Blockchain is controversial
How could an innovation call itself positive when half of the world’s governments are severely against its implementation? How could an innovation call itself positive when a significant portion of its use is dedicated to universally illegal activities?
These are the questions that many fintech experts are asking each other when recognizing blockchain as the next best thing since sliced bread. Sure it helps with faster and more secure transactions, but is that a price big enough to pay for all the issues
it may cause? Many people think that no, it’s too steep of a price. Unfortunately, those people tend to be senators, famous politicians or economists and influencers as well.
Even when we bring cryptocurrencies into the equation
there is very little value that can be found in them. And when we consider the blockchain technology on its own as a “useful” feature there is not too much to talk about.
The technology itself was just a facilitator for slightly more secure P2P transactions that then turned into enterprises. Now every single transaction over a service provider is documented and reported to a local financial authority.

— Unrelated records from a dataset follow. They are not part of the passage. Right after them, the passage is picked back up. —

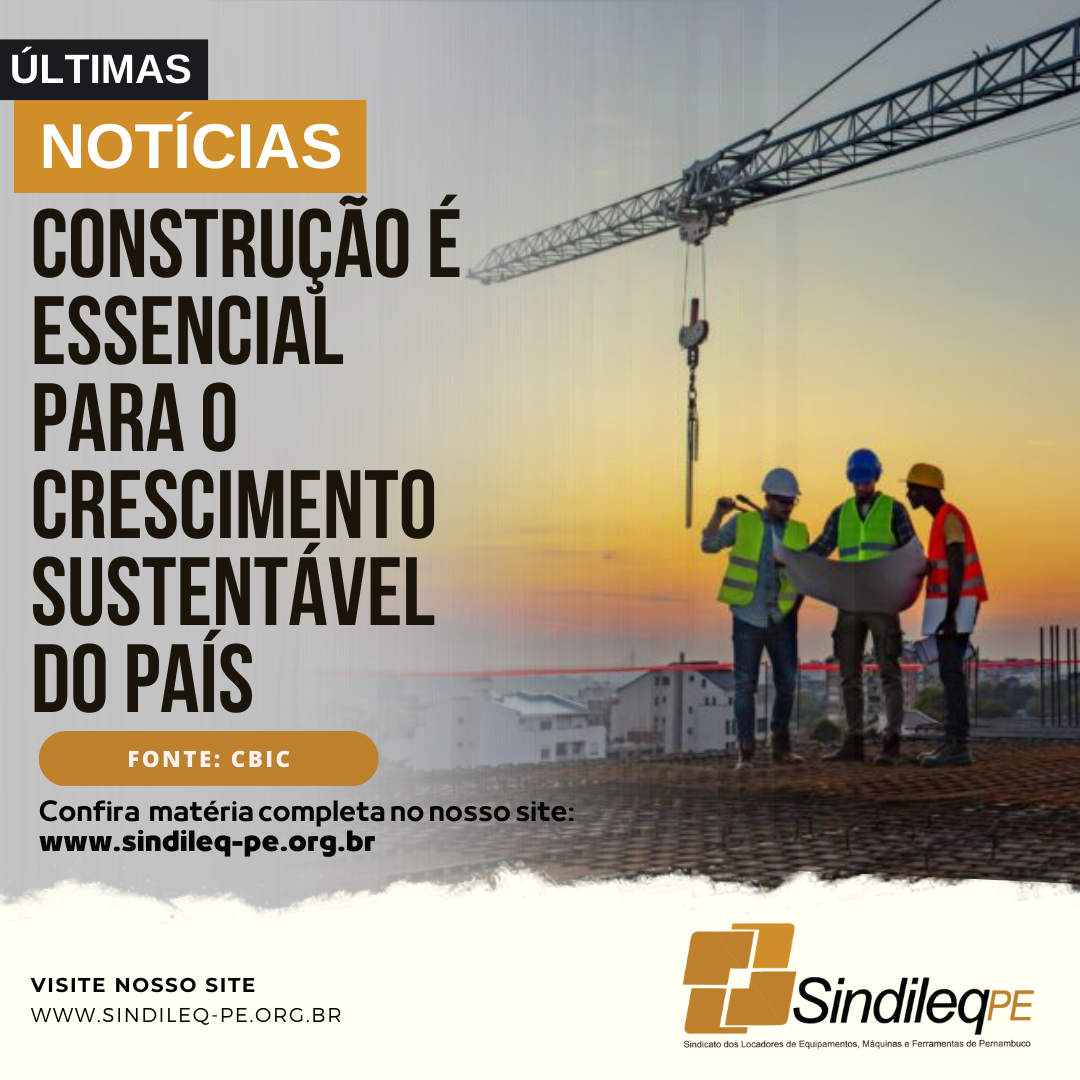 Construção é essencial para o crescimento sustentável do país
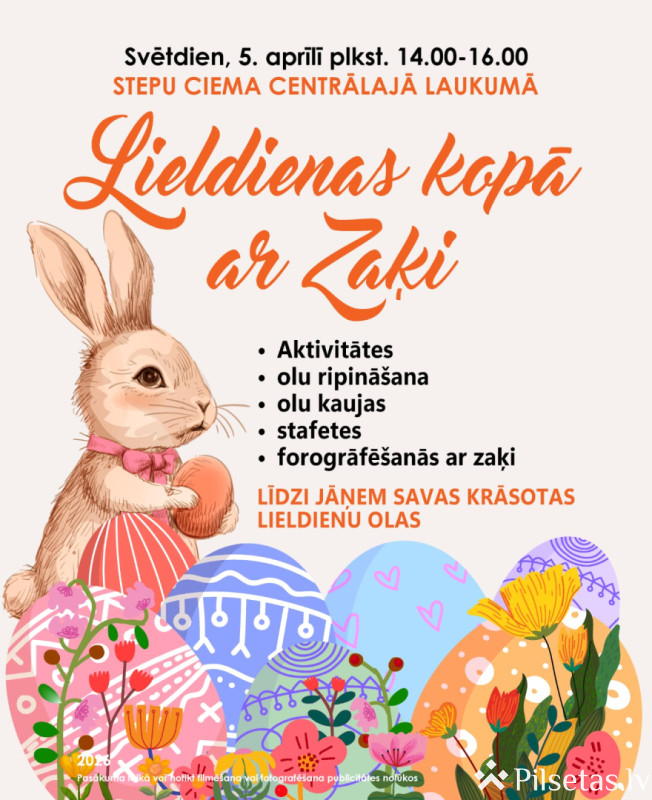 &ldquo;Lieldienās kopā ar Zaķi&rdquo; Zvārtavā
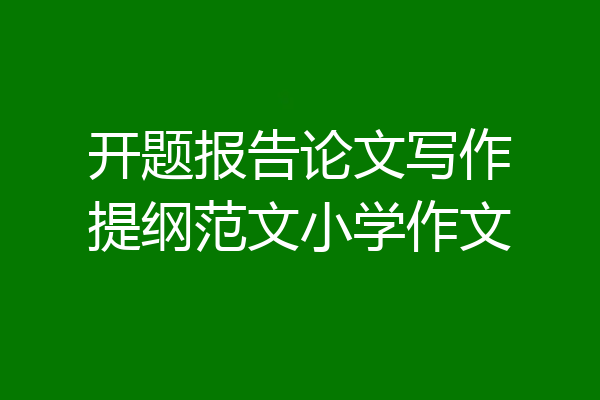 开题报告论文写作提纲范文小学作文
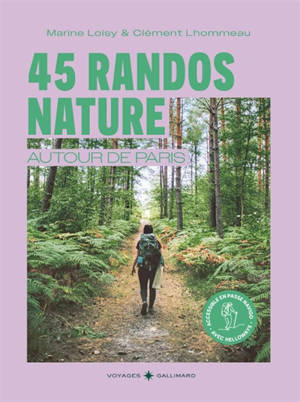 45 randos nature autour de Paris : accessible en passe Navigo
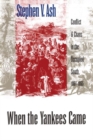 When the Yankees Came : Conflict and Chaos in the Occupied South, 1861-1865 - Book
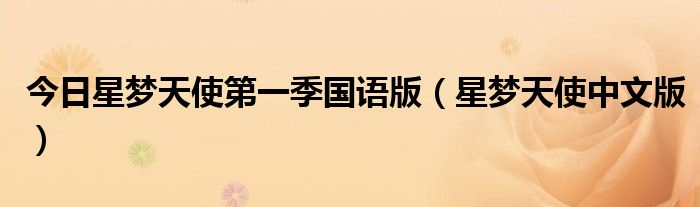 今日星梦天使第一季国语版（星梦天使中文版）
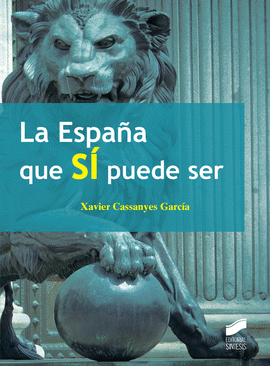 LA ESPA�A QUE SI PUEDE SER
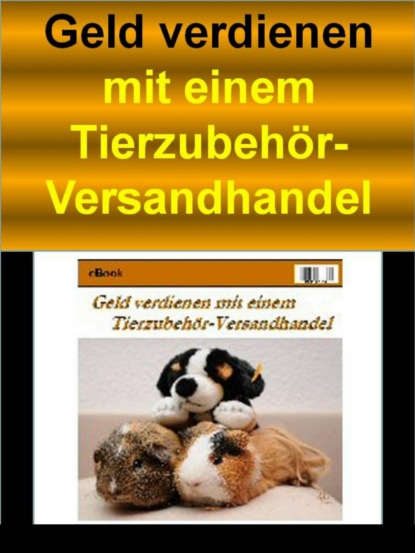 Geld verdienen mit einem Tierzubehör-Versandhandel (MWM Fachverlag). 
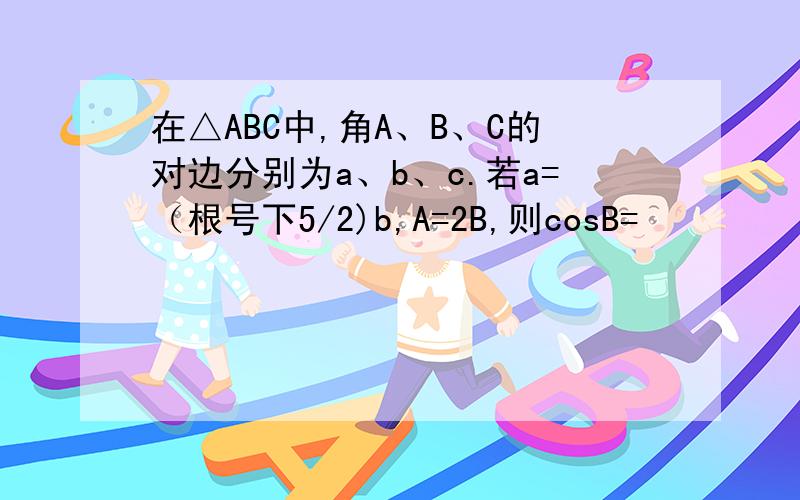 在△ABC中,角A、B、C的对边分别为a、b、c.若a=（根号下5/2)b,A=2B,则cosB=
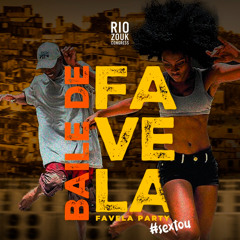 BAILE DE FAVELA - RIO ZOUK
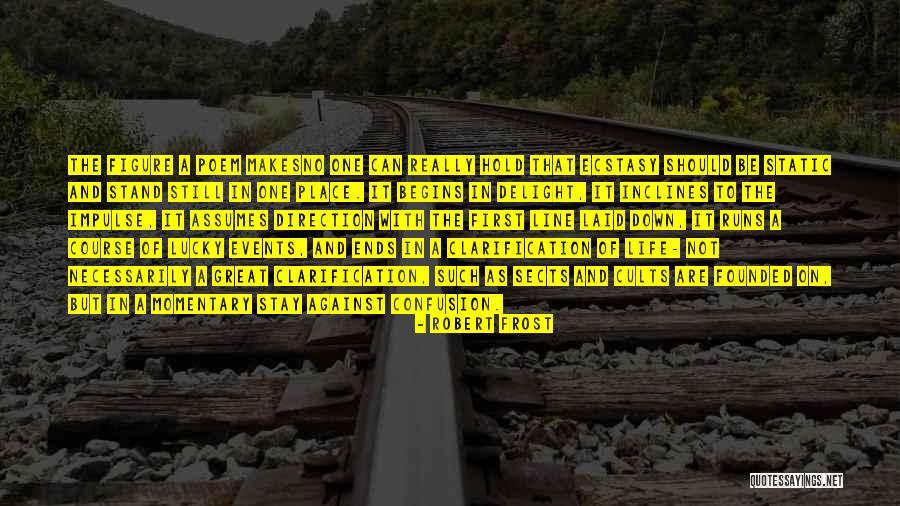 Life With No Direction Quotes By Robert Frost Life With No Direction Quotes By Robert Frost
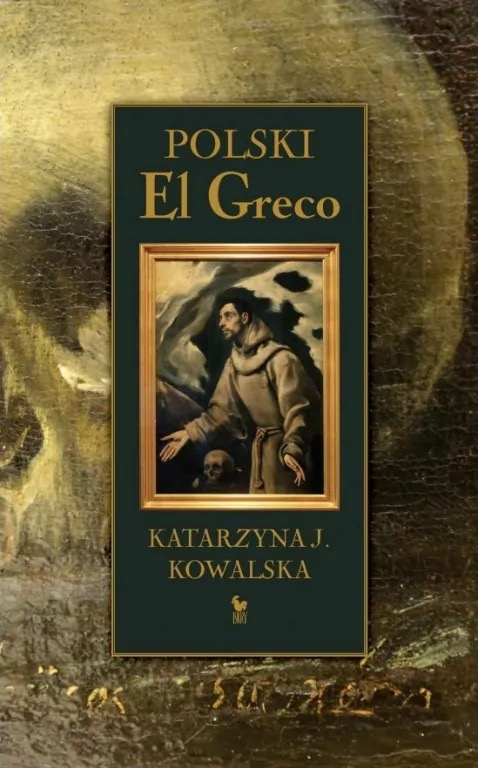 Polski El Greco. Ekstaza św. Franciszka. Niezwykła historia odkrycia i ocalenia obrazu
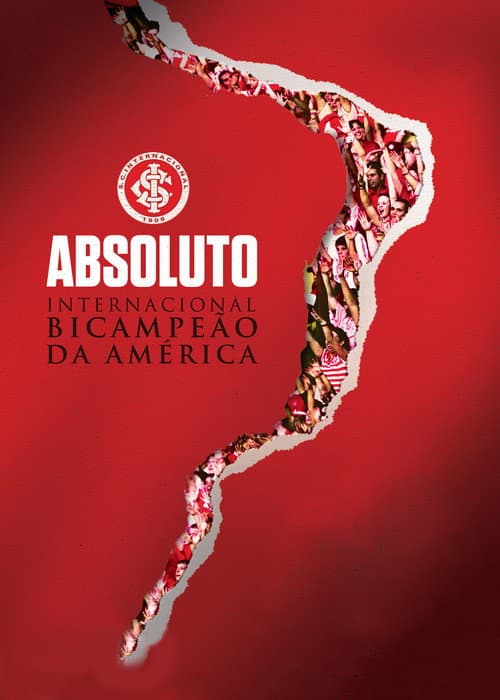 Absoluto - Internacional Bicampeão da América (2010) poster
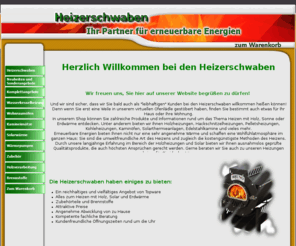 heizerschwaben.info: Heizerschwaben
Ihr Partner für zuverlässige Erneuerbare Energien - Heizkessel für Pellet , Getreide , Kohle , Hackschnitzel , Scheitholz , Festbrennstoff. Solaranlagen , Speicher , Wärmepumpen und Heizungszubehör.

It’s basically the use of money with extra steps of converting it into Bitcoin or other cryptos.
But what is that immediate innovation that fintech requires for further adoption? Well, exactly what blockchain does but without cryptos.
Fast transactions are the innovation of the century
No matter how we look at it, there is a huge demand for fast transactions in a modern and digital economy. However, this is not necessarily a demand for the consumer. It’s a demand for the producer.
You see, when we make the payment for our purchase, we don’t have to wait until the seller receives this money, the order is placed immediately. Based on the product we may receive it immediately, or have to wait for it a few days due to delivery.
The seller though has to wait until the payment is processed by banks and finally approved on their account. This sometimes proves to be a large issue in terms of logistics as the seller may receive so many orders at a given point that the savings he or
she has prepared are not enough to act upon these orders. He or she does not have access to the funds paid by the customers because they’re pending by the bank.
With immediate transactions, the international business would be much faster and therefore much more accessible.
We may say we have it now, but Bitcoin just simply doesn’t cut it as a currency.